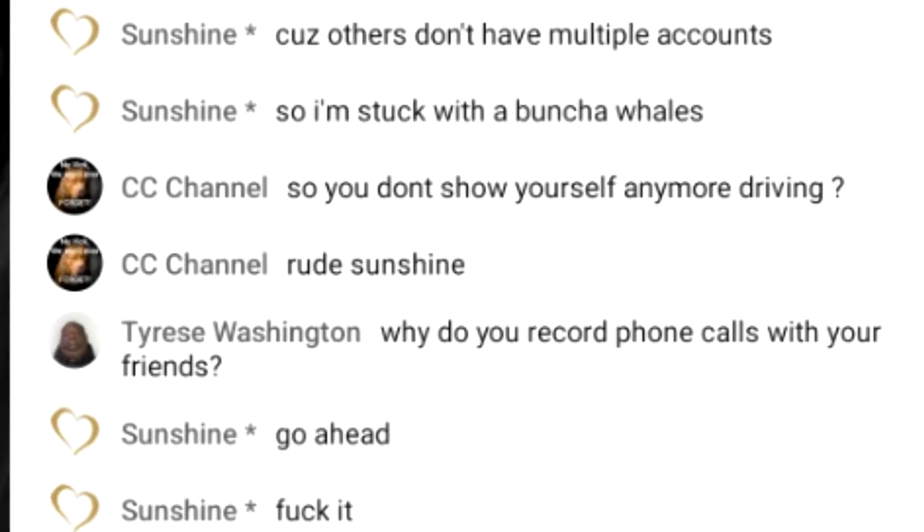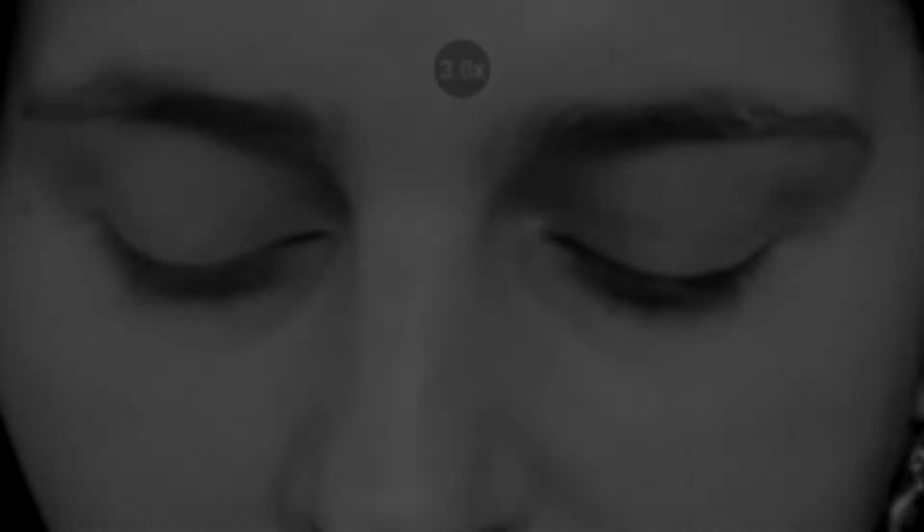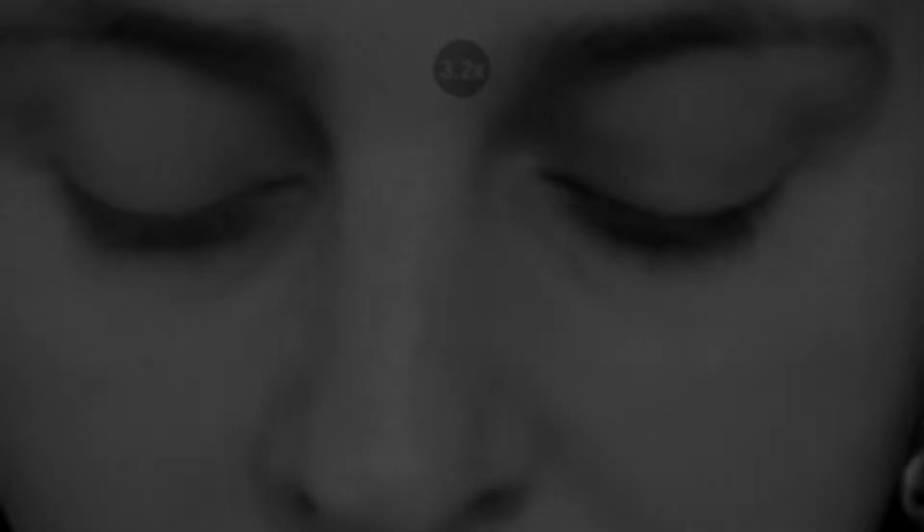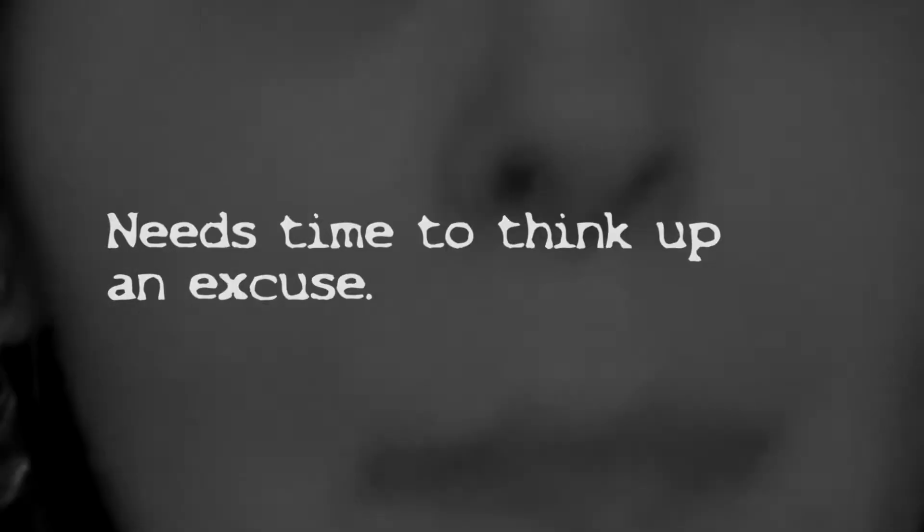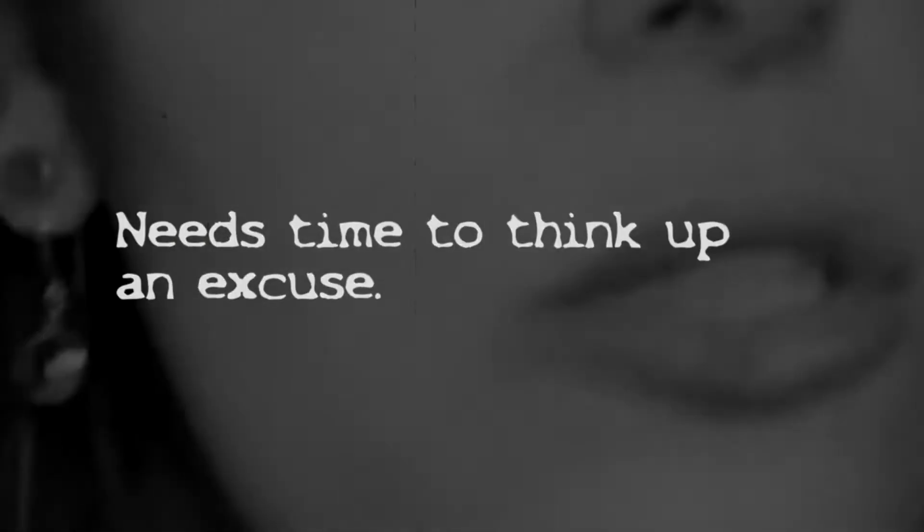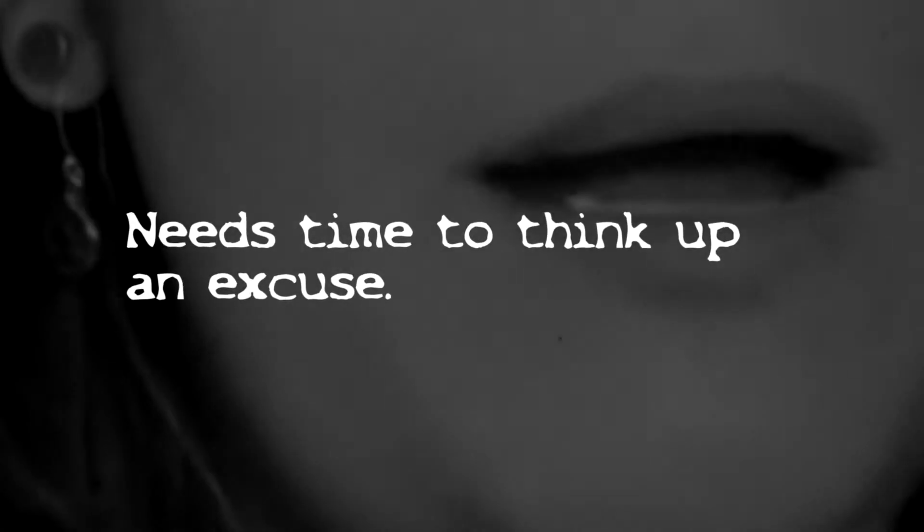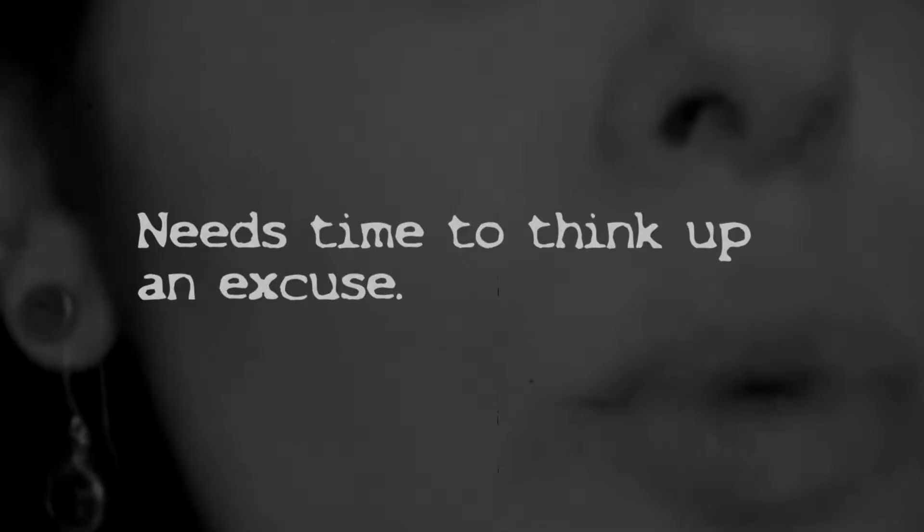Why do I record phone calls with my friends? I don't record calls with certain people, I'll tell you that much. I mean, I record calls with everybody, but then I delete most of them.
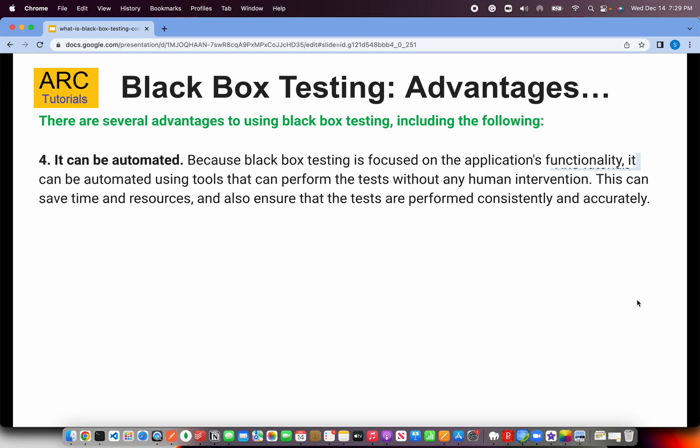Black box testing can also be automated. When we talk about functional testing, all we are checking is when input A is given, I'm expecting output X. It's as simple as that. You can automate a lot of these checks instead of doing manual comparison. Functionality can be automated, saving a lot of time and avoiding running the same routine, mundane work again and again.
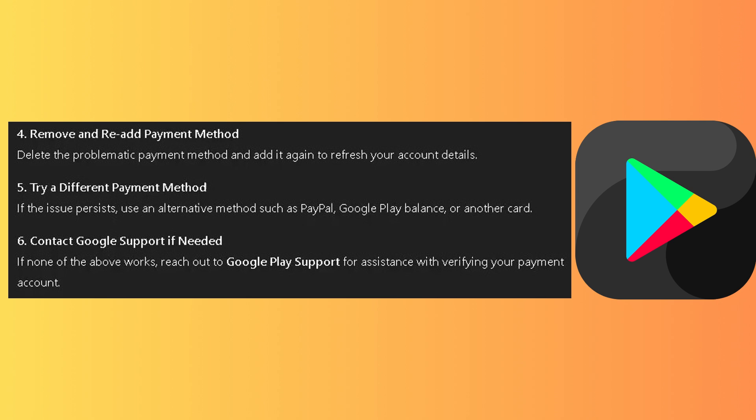Try again with a different payment method. If the issue still persists, use an alternative method. This could be PayPal, Google Play Balance, or another card.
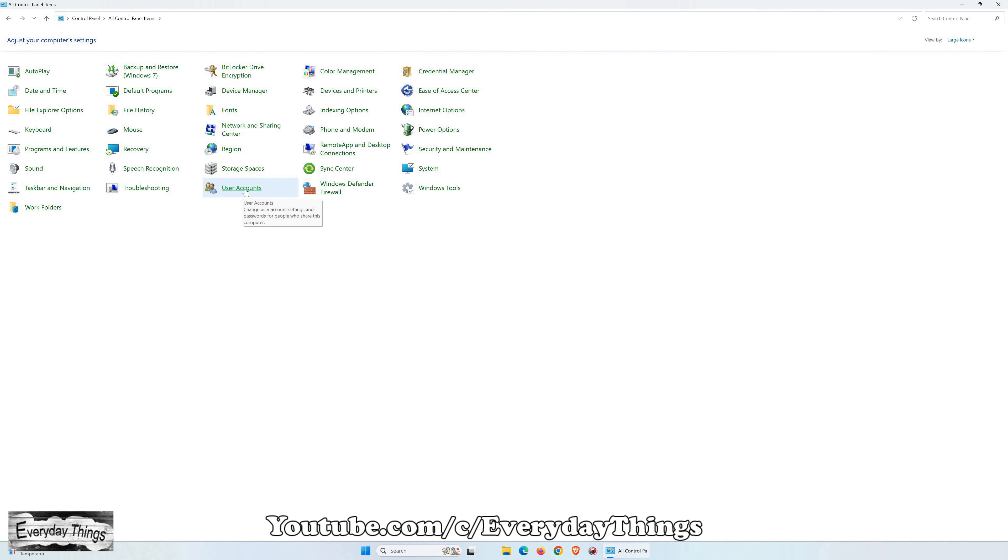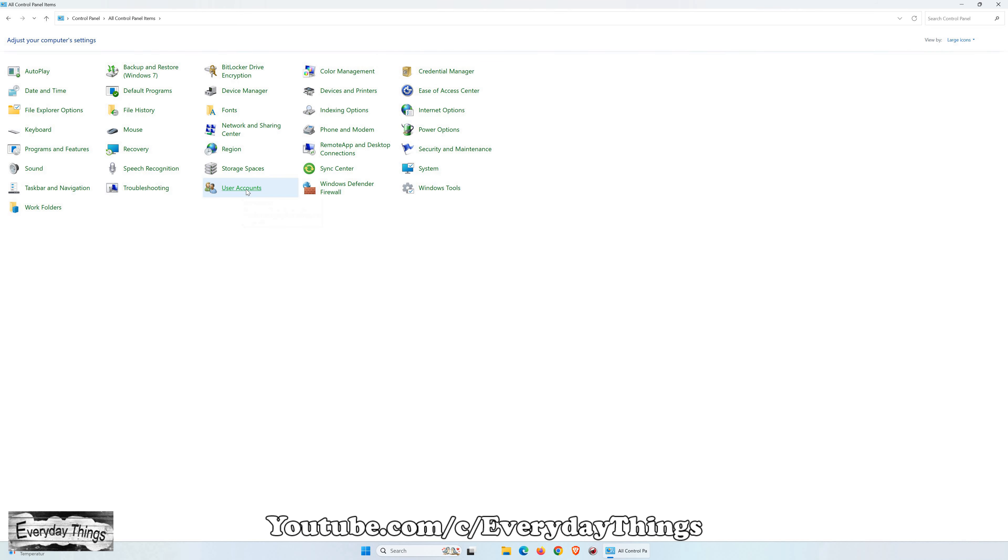After selecting large icons, find and open User Accounts. In the User Accounts section, select Change user account control settings.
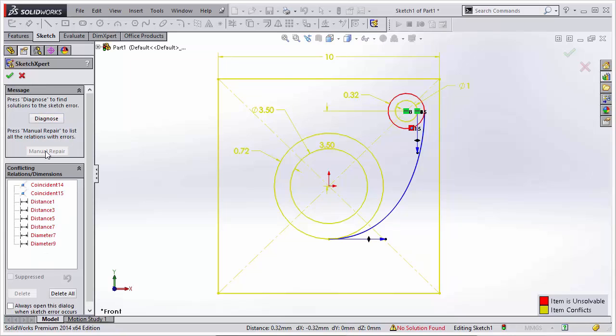When you click this option, you'll see the list of all the relations or dimensions that are conflicting, and you can resolve the issue manually by selecting them and choosing the Suppress option to suppress it or to delete it.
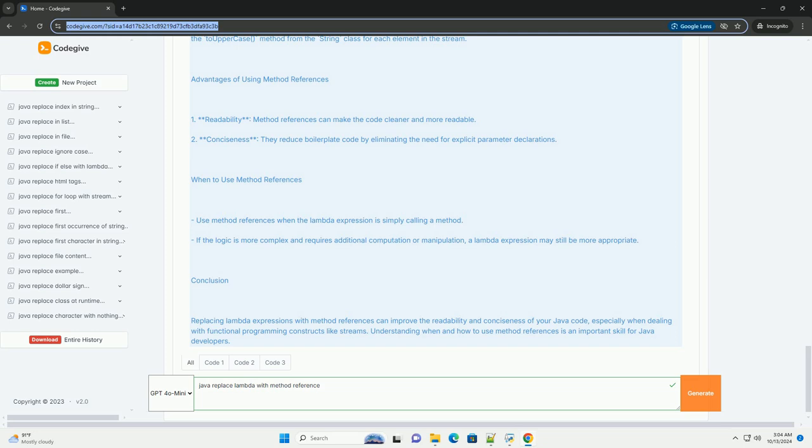2. Instance method reference of a particular object, referring to an instance method of a specific object. Syntax: instance::instanceMethodName.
# # # # #
> _EXERCISE_: Exclude images. Return the data above verbatim.

> _ANSWER SPACE_:
Why do I record phone calls with my friends? I don't record calls with certain people, I'll tell you that much. I mean, I record calls with everybody, but then I delete most of them.
Black box testing can also be automated. When we talk about functional testing, all we are checking is when input A is given, I'm expecting output X. It's as simple as that. You can automate a lot of these checks instead of doing manual comparison. Functionality can be automated, saving a lot of time and avoiding running the same routine, mundane work again and again.
Try again with a different payment method. If the issue still persists, use an alternative method. This could be PayPal, Google Play Balance, or another card.
After selecting large icons, find and open User Accounts. In the User Accounts section, select Change user account control settings.
When you click this option, you'll see the list of all the relations or dimensions that are conflicting, and you can resolve the issue manually by selecting them and choosing the Suppress option to suppress it or to delete it.
2. Instance method reference of a particular object, referring to an instance method of a specific object. Syntax: instance::instanceMethodName.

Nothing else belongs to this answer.